Söz konusu Suudi Arabistan gibi zengin ve güçlü bir ülke olunca herkes uzaktan izleme konumuna geçiyor. Suudi Arabistan, insan haklarını en ağır şekilde ihlal ediyor olmasına karşın bugüne kadar hiçbir ciddi yaptırımla karşılaşmadı. Riyad yönetiminin ülke içinde ve dışında yaptığı operasyonlarda öldürülen veya ortadan kaybolan insanlarla ilgili bir takip işlemi başlatılmadı.

O kadar ki Amerika Birleşik Devletleri tarihinin en ağır terör saldırısı olarak kayda geçen 11 Eylül hadisesinin arkasında bir şekilde Suudların olduğuna dair güçlü kuşkular dile getirilmesine rağmen hiç bir şey yapılmadı. Amerikan Kongresi’ne getirilen soruşturma talepleri ve ambargo tasarıları bir şekilde askıya alındı.

ABD Başkanı Trump’ın, Suudi gazeteci Cemal Kaşıkçı’nın bazı serseriler tarafından öldürülmüş olabileceğini söylemesi bile Beyaz Saray’ın Riyad rejimini aklamaya ne denli istekli olduğunu ortaya koydu. “Koskoca ülkenin diplomatik temsilciliğinde serserilerin ne işi olabilir?” diye sorulmuyor bile.

Nitekim Trump, apar topar Dışişleri Bakanı Mike Pompeo’yu bu konuyu görüşmek üzere Riyad’a gönderdi. Pompeo, Suudi Veliaht Prensi’yle kameralara poz verirken şakalar ve espriler havalarda uçuşuyordu.

Bir gazetecinin katledildiğine dair ortada çok ciddi kanıtlar varken ABD Dışişleri Bakanı olayın muhatabı olan bir yönetimle nasıl böyle bir yakınlık içine girebilir?

Benzer ikiyüzlü tutumu Avrupa için de görüyorum. Avrupa Birliği’nin büyük başkentlerinden şu ana kadar dişe dokunur bir açıklama gelmedi. Avrupa’daki tonla gazeteci örgütünden de…

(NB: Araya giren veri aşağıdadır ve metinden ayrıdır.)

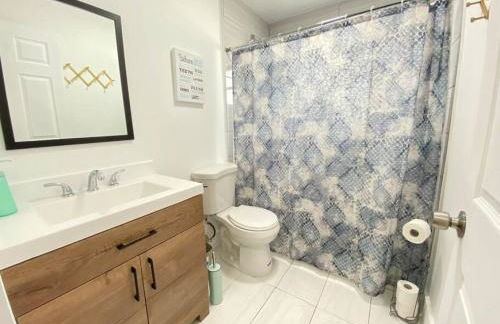 Heart of Miami sleeps 10 near Little Havana Beaches - Foto 19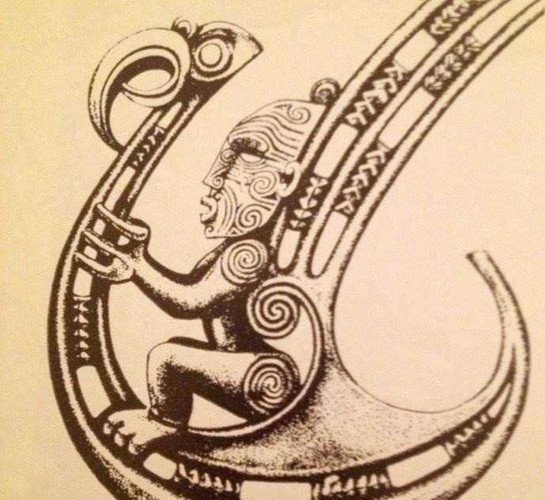 Purangahua Māori motif seated figure in conveyance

Dünyada herhangi bir yönetim bu denli korkunç bir cinayetle suçlanıyor olsaydı durum böyle mi olurdu? Şu ana kadar yaptırım listeleri açıklanmıştı.

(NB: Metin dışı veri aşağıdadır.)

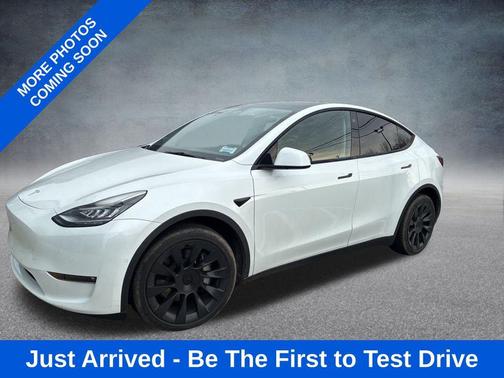 2022 Tesla Model Y Long Range Dual Motor All-Wheel Drive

Gazetecinin katledildiğine dair resmî açıklamanın duyurulmasından sonra muhtemelen bir tiyatro daha izleyeceğiz. Önce, cinayet birilerinin üzerine yıkılacak ve Riyad yönetimi bu işten sıyrılmaya çalışacak. Ardından bir iki başkentten kınama vb. türünde mesajlar duyacağız.

ABD ise kapalı kapılar ardında Suudi rejimine “Yine bizim sayemizde paçayı kurtardınız, şimdi eli cebe atma zamanı” diyerek 100 milyar dolardan aşağı olmayan yeni bir faturayı masaya koyacak!